Robert Menasse’s award-winning The Capital is a dark but affectionate satire on the European idea.
Robert Menasse has long been preoccupied with the implications of historical crisis for social cohesion. A provocative yet eloquent critic of the Austrian political and socio-cultural scene, his novels are both polemical and progressive, solidly constructed and peopled by empathically drawn characters.
More recently, he has turned to the question of Europe’s future. In his 2012 essay Enraged Citizens, he confronted Eurosceptics and in 2017, he addressed the European Parliament, feting the EU’s infamous bureaucracy as the most successful emanation of the once visionary spirit of Europe.
Shortly thereafter, he published The Capital, one of the first serious literary portrayals of the European Commission. Set almost entirely in Brussels, it’s perhaps a cross between Jonathan Franzen and The West Wing, or an epic by Goethe set among the chamberlains of Weimar. The premise seems unlikely, but the result is a tragicomic page-turner.
The Capital features a lively cast of characters, all seeking to get a handle on Europe’s future in various ways – and often not even coming close. The novel is densely populated, but Menasse gives each of its numerous figures a distinctive identity. The narrative thrives on the interplay between individual tragedies and the historical and political whole they are bound to.

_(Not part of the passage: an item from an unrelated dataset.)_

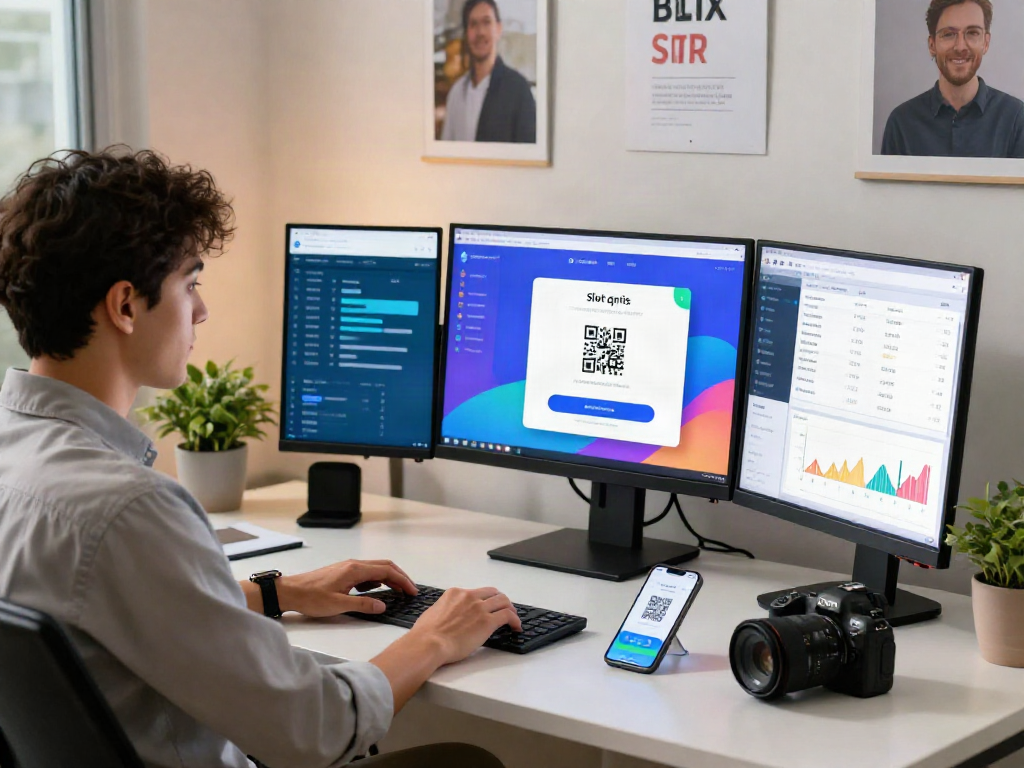 Business professional demonstrating slot qris payment options in an innovative ecommerce office setting.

Fenia Xenopoulou, a Greek Cypriot with big ambitions, wages war on irrelevance: Recently “promoted” to the position of director of communications for culture by the General Directorate, she launches a big “Jubilee Project” for the European Commission’s 50th anniversary, hoping that will pep up the EU brand while enhancing her prospects. She enlists Martin Susman, the melancholy son of an Austrian pig-farming dynasty, whose brother is often in town lobbying for Europe’s swine breeders. The hapless brothers are joined by a third Austrian, the retired economics professor Alois Erhart, who works for an “advisory group” on visions for a new Europe.

CORRIDORS OF POWER
Many of the characters are directly burdened by the darker legacies of Europe: David de Vriend, a retired Belgian teacher, is a Holocaust survivor who lost his entire family in the Nazi genocide; Mateusz a.k.a. Ryszard Oswiecki, the grandson of Polish Resistance fighters and a former candidate for the priesthood, is now a hired assassin working for the Vatican; and Émile Brunfaut, a police superintendent called in to investigate a murder and then suddenly called off, is also a grandson of the Resistance, this time Belgian. Haunted by fears for his own health and battling the mysterious closure of the murder case, Brunfaut pursues his investigations into the heart of NATO Headquarters.

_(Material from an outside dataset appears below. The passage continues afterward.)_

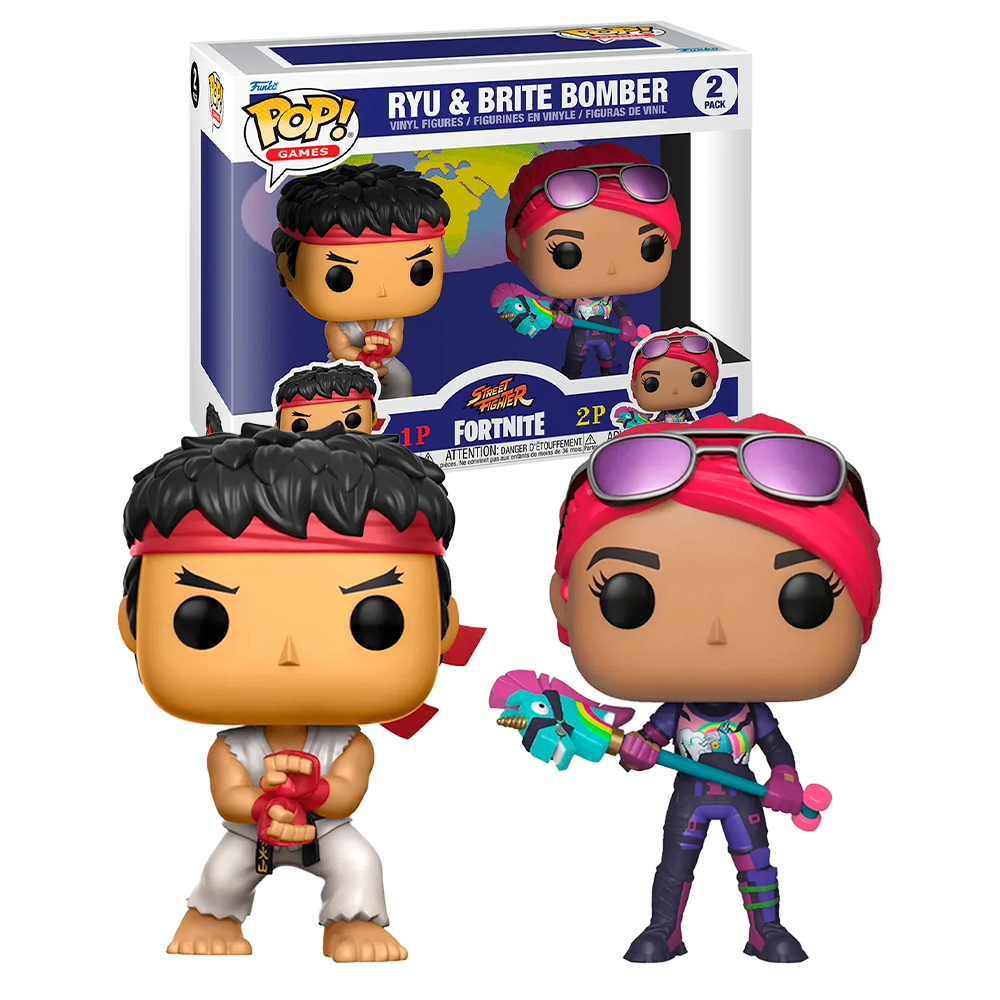 Funko Pop Ryu Y Brite Bomber Street Fighter Fortnite 2 Pack Original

The Capital deftly combines detective novel and political thriller, cultural history and psychological portrait, epic sweep and love story. Never losing sight of humanity’s mortal horizon, its reflections on death and memory are on the whole sure-footed. Menasse’s own literary range is evident everywhere, as is his mordant humor: Director Xenopoulou’s big Jubilee Project is an unmistakable echo of the patriotic Parallel Campaign in Robert Musil’s The Man Without Qualities, and it unfolds in a comparably absurd fashion. Martin Susman, charged with realizing the project, fixes on the motto “Never Again” and devises a commemoration featuring Holocaust survivors. Professor Erhart, meanwhile, himself the son of dyedin- the-wool Nazis, campaigns for a relocation of Europe’s capital to Oświęcim, also known as Auschwitz. Both suggestions are, of course, immediately trashed; but the point is to touch Europe’s most painful historical nerve, and to do so with style.
The novel presents the EU as a mosaic of conflicting interests that share very little besides empty rhetoric. Threading through the cacophony is the irresistible leitmotif of a stray pig that surfaces at various points: agribusiness and bureaucracy are made flesh, finally running amok in the cemetery. One could quibble with the all-too-missionary tone of the final pages, where Menasse rehashes his European idea, familiar from his essays. But the colorful cast and the rich range of allusion and wordplay make for a deeply satisfying read. On wordplay: Menasse cannot resist corrupting the Tyrolean village of Alpbach, home of the annual European Forum, to ‘Alpach’ – ‘Alp, ach!,’ o, nightmare!